Sunday, November 23, 2014

Happy Second Birthday

My miracle baby is two years old. I can't help but head down memory lane as I'm laying next to him listening to him breathe. TWO. That means that approximately 2 years and 8 months ago, we beat infertility and Grayson began growing in my tummy. Technically, he began growing even 8 months before that because he got to chill with his twin in a freezer for a while. It still blows my mind. 

Here is a photo of Grayson and his sibling the day they were frozen in 2011. Technically they are 5 day old blastocysts. 

Here they are again 8 months later right before they were transferred to my womb. They are both hatching out of their Zona Pellucida.


This was my very first positive pregnancy test with Grayson. My beta hcg levels were only at a 6.5 that morning. This was only 4 days after my frozen embryo transfer. The second line takes a trained infertile eye to see. 4-15-12


This test was taken 6 days after my embryo transfer, so 2 days after the first photo. It was still pretty faint, but visible. 4-17-12


Digital tests were still telling me no at this point. I had already confirmed my pregnancy through blood work though so it didn't bother me. By that evening the second line was pretty dark and the digital test finally said yes! 4-17-12


All of this is still so fresh on my memory. It's been over TWO years. It's difficult to wrap my brain around that fact. It was such a swift change in my life. The infertility roller coaster is one that feels never ending. It strapped me in and it felt like I would be stuck on that ride forever. There were years of battle, tears, planning, hoping, praying and fighting for a child. Suddenly, it was all over. It was like someone slammed on the breaks of that coaster and shoved me off. There was a moment of disorient. Was this really true? Was it really my turn? Cautious optimism quickly turned into complete joy.

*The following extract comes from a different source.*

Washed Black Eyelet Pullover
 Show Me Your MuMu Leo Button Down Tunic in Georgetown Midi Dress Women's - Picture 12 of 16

...and now my baby is TWO years old. He has taught me everything about life. He started before he was even conceived and he will continue on tomorrow and the next day. He is independent and determined. He is loving. He is content with his life. He is a happy, healthy, wild little man. He makes the mornings worth doing. He is encouragement and hope. He lights up my life. He is my tiny teacher. He holds my heart in his little hands. He is more than I ever thought to pray for. He is perfect for me.

Knowing what I know now and understanding God's plan, it doesn't make sense to question Him. I would have waited 5 more years for Grayson. God gave me the perfect child for me at the perfect time for me. If Grayson would have been born 3 years sooner, he would have a completely different life. He would have different friends, he would be older than some of his friends. Jason and I would have been at different points in our lives. We would have lived in a different house. He would have attended a different church. He might have a sibling by now. He would be the oldest cousin instead of the youngest. In the future, he would start school a different year, have different classmates, graduate sooner. He would date different people, marry someone completely different, have children at different times than he will. Have grandchildren at different times and so on. Not to mention, his parents would be different for not experiencing the years of anguish in waiting for him. I would've been a good mom still, but I would lack much of the appreciation I could only gain through my wait. All things considered, if Grayson had been born when I would have chosen, Grayson wouldn't be Grayson at all. God knew my Grayson was the Grayson for me.

When I think of it all that way, it makes perfect sense. God needed Grayson born the exact day, the exact hour he was born in order for the rest of his life to fall into place. 

When we look past our own desires and consider God's greater plan, we can develop a sense of peace. With peace comes patience. Patience requires faith and faith is what it's all about my friends. 

I pray that Grayson understands the concept that God has taught me through him. I pray for him to seek the path of the Lord all the days of his life. That is the only way he will find the peace and absolute joy that I have found. I pray that he has the strong, unshakable faith that I have been granted. I pray that he truly understands grace and love.

I will never in this lifetime be able to fully express what you mean to me. Maybe there are heavenly words for that. Happy second birthday my little angel. This photo is a perfect reminder of what I know to be true. Joy comes in the morning.